Haratischwili sviluppa nell’arco di un secolo che si distende tra due voci narranti femminili il racconto di una famiglia che è anche quello di un territorio e di un’epoca attraversati da cambiamenti politici e sociali rapidissimi e straordinari. La qualità principale del romanzo sta nell’offrire uno spaccato storico senza che mai i due piani, quello privato e quello pubblico, si contrastino o entrino narrativamente in conflitto appesantendo la narrazione: tutto è in perfetto equilibrio anche grazie a un non banale tono ironico, leggero che fa di questa famiglia il veicolo ideale per raccontare le contraddizioni spesso ridicole di un tempo così tremendamente segnato dall’ideologia.

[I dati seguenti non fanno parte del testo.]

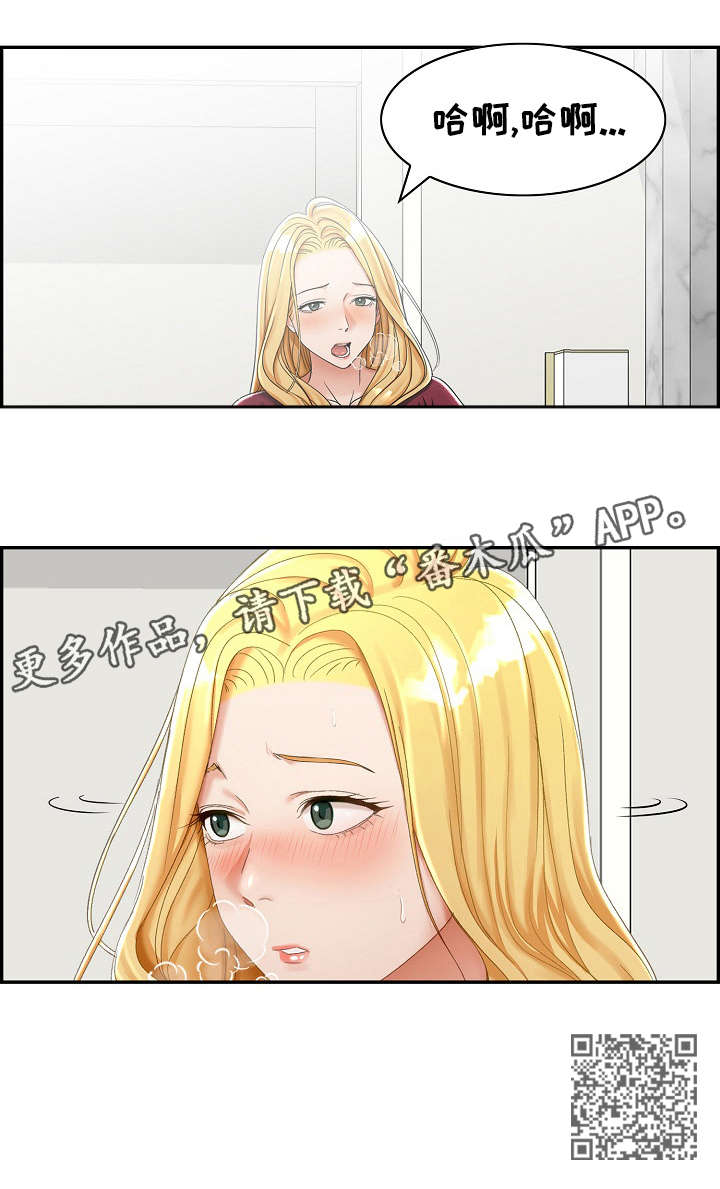 设计离婚漫画,第8章：先走4图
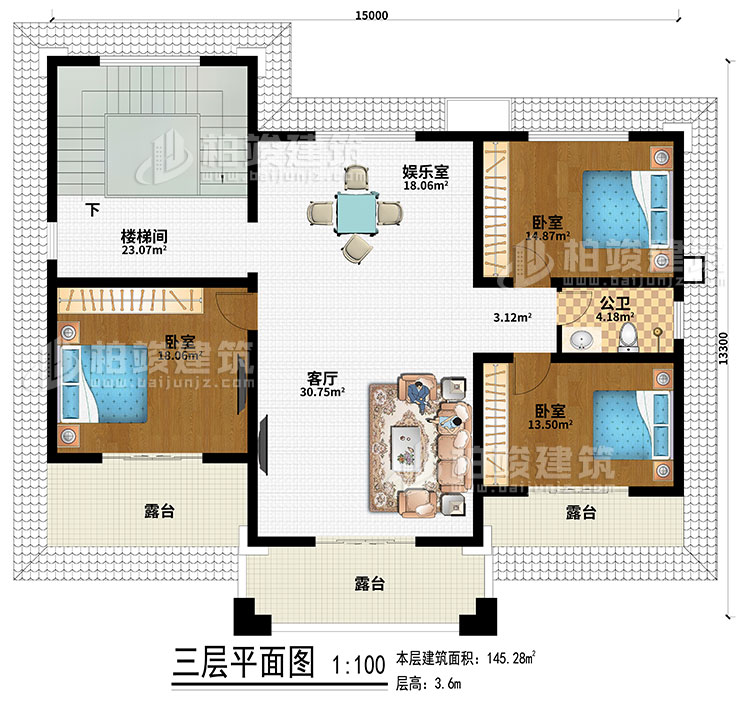 三層：娛樂室、樓梯間、客廳、3臥室、公衛(wèi)、3露臺
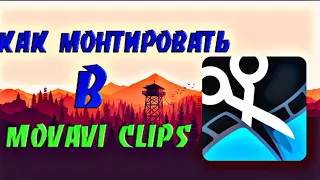 Как монтировать в movavi clips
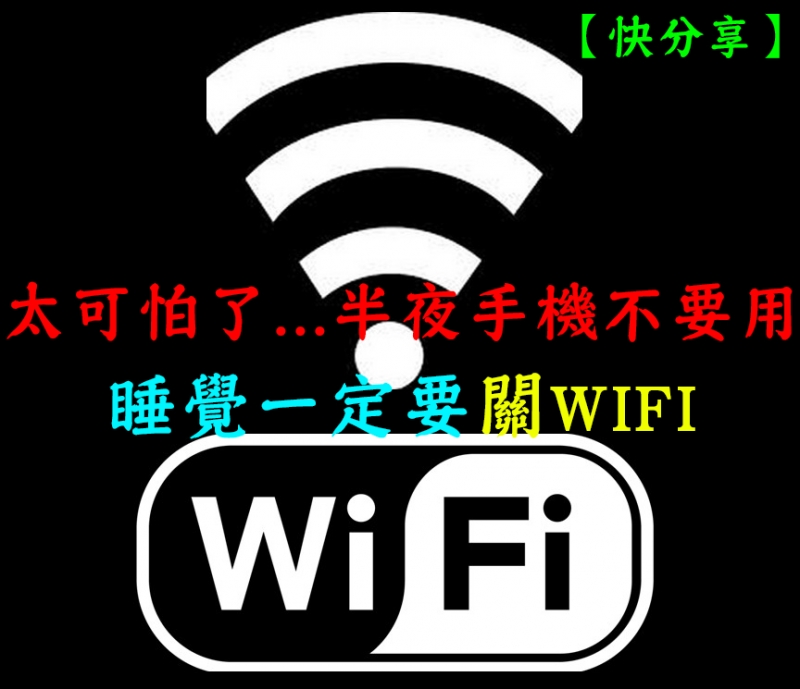 公司不準關機,但是不關機又會對自己造成嚴重的身體傷害,如何是好呢?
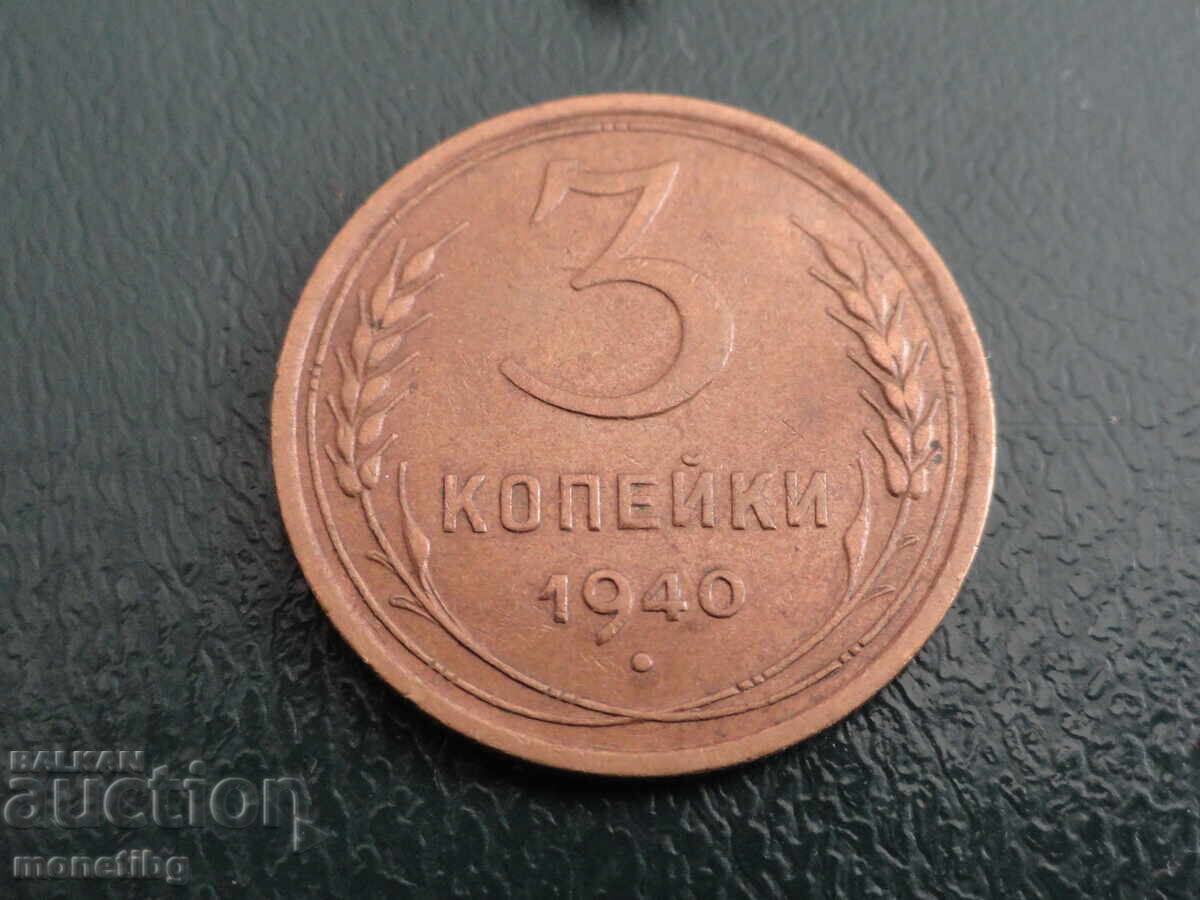 Russia (USSR) 1940 - 3 kopecks (m) Russia (USSR) 1940 - 3 kopecks (m)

Sette le donne che segnano il racconto di una vicenda che va dagli Zar fino alla caduta del muro di Berlino e che utilizza tutti gli strumenti tipici dell’avventura che fanno di questo romanzo un testo ricco e storicamente puntuale, che per certi versi può essere equiparato al lavoro di Stefano Massini, Lehman Trilogy, non a caso anche da questo romanzo Haratischwili ha tratto un lavoro teatrale.

La ricostruzione agisce meno per elementi simbolici e affonda di più in quella che può essere definita l’emotività dell’epoca. Si potrebbe quasi azzardare un confronto tra quello che sembra un racconto femminile che si oppone a uno maschile, il crollo di due ideologie, ma anche la vivacità generativa di una famiglia, quella raccontata da Haratischwili che supera ed evita i legami con il potere e mantiene generazione dopo generazione un’energia sentimentale che ai Lehman non è permessa.

A est, nel vecchio impero comunista, là dove ogni cosa sembra cancellata da un crollo che ha chiuso un secolo, ritroviamo la forza di legami non retorici che intrecciandosi alla Storia la superano mantenendo sotto la cenere dei movimenti e delle ideologie una brace viva pronta a espandersi nuovamente riaccendendo passioni ed entusiasmi. Un romanzo popolare, potente e avventuroso nella migliore accezione del termine, capace di attrarre il lettore e renderlo partecipe appassionandolo senza nulla concedere a un’eccessiva o ricolorata ricostruzione storica.

I due piani convivono felicemente aggiungendo qualità e curiosità alla lettura e non appesantendola. L’ottava vita fa i conti con la storia collettiva di un territorio e di un tempo attraverso il racconto libero e a tratti leggero di una storia privata. L’autrice si pone così come parte integrante di una vicenda, ma anche quale elemento successivo a ciò che convoca e quindi libero di reinterpretare senza trascolorare il tempo trascorso.